Tuesday, September 16, 2008

Economics

Watching the Wall Street meltdown, I'm seeing the huge disconnect between classes. Being amongst the poor, I don't have to worry about my stock portfolio falling. Most of the folks I know live paycheck to paycheck, and invest in a night out when they can. We balance our books by paying our bills and spending what's left.
But the major investment banks don't have to follow such simple rules. They can simply inflate the value of their assets to create a false 'bottom line' and if reality intrudes they get a government bailout. At least, that's the way it usually works. After all, the government always has a few extra billion for the rich. Okay, it comes from the taxpayers (us) or an increase in the deficit (us), but it's not like it's real money. The country isn't bankrupt as long as it can borrow more (unlike regular people), and the first rule of Wall Street is "there are no rules." In the circles of high finance greed is good, lying is rewarded, and oversight (regulations) are removed by buying up a few congressmen (St. Sleazy McCain and crew).
Which is why they really wanted to privatize Social Security. All that money going to regular people when it could so easily be stolen for the much more deserving rich. Face it, Grandma won't spend her Social Security check on a congressman or deregulating Ponzi schemes.
It was all a fine system (for the rich) until someone started to notice that all those pieces of paper weren't worth what they claimed. In fact, most of them were beyond worthless. The 'assets' added up to nothing but a very large debt.
Now they're busy trying to figure out how to foist this debt off onto the regular people; the homeowners, the taxpayers, anybody who hasn't bought a congressman. And it's going to hurt a lot of us.
I'm fairly safe, being among the poorest of the poor. They can't get much from me because I haven't got it. I'm only semi-employed (or semi-unemployed), semi-homeless, and completely broke. If my bank failed, the FDIC would laugh at my account. I'm not going to get billions in a federal bailout. Hell, a thousand dollars looks huge to me (please feel free to use the "donate" button on the right if you can spare it, or any other amount) and my economy has been tanking for a long time.
The republican greedheads have had their way for a long time, but reality is starting to piss on their "trickle-down" theory of economics. We can't afford another four years of criminal insanity guiding our economic policy. The question becomes "how badly will people have to be hurt before they realize this?"

1 comment:

BadTux said...

My take on it: It will take complete and utter national disaster. As in, on the scale of 1930-1932, complete with food riots, mass homelessness, 40%+ unemployment, and rumblings of revolution from a desperate people with nothing left to lose.

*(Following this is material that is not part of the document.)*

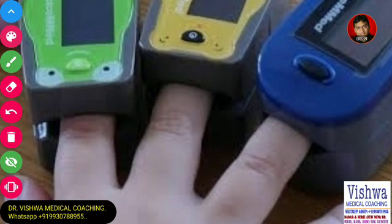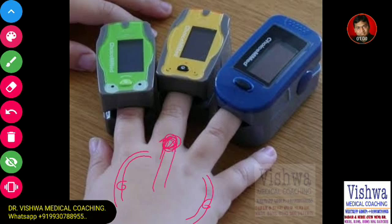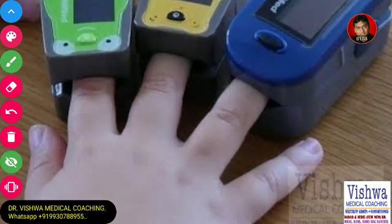Experts believe that the index finger receives most of its blood supply from the radial artery, while the little finger receives most of its blood supply from the ulnar artery. There may be little differences between radial and ulnar arteries. However, it is the middle finger that receives equal blood supply from both arteries. So it is logical that the middle finger will show the most accurate pulse oximetry finding.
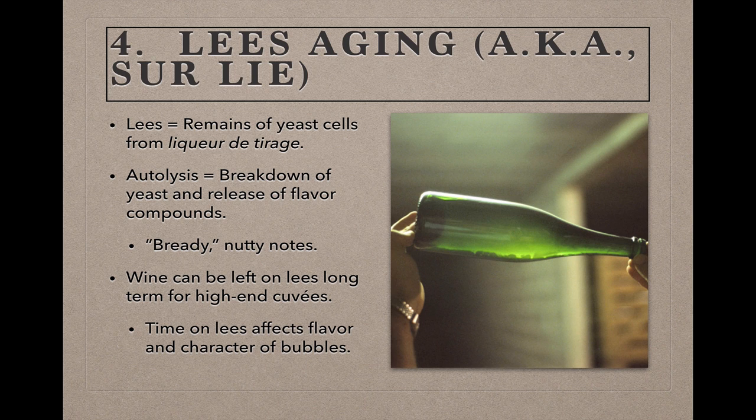During lees aging, the lees break down further in a process called autolysis and release flavor compounds responsible for the bready, yeasty, toasty, and nutty flavors that tasters often detect in sparkling wines. Most old-world appellations set minimum aging times for their wines, but in the case of a high-end cuvée, the wine can sit on the lees for very long periods, as time on the lees is correlated to quality. The longer a wine sits on the lees, the more the yeasty and nutty notes will become evident, and the better the carbon dioxide will infuse the wine to create smaller, more delicate bubbles. Small, fine bubbles in a sparkling wine are considered a hallmark of quality.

At that point, I give it a 50-50 chance that, rather than embrace progressive solutions, the American public will then embrace fascism and annoint someone to be their dictator. We came damned close in the 1930's. Damned close. If FDR hadn't assassinated Huey Long and leashed Father Coughlin, there was a damn good chance that the U.S. would have gone down that road. But I don't see any FDR's in today's lame political scene, just a bunch of machine politicians and utter hacks...

50-50 chance. Not good. Best we can expect, though, I suppose. As for your notion that you have nothing to lose, maybe, maybe not. When economic activity grinds to a halt, you better have some skill that can be traded for food, or you'll have something to lose all right -- your life.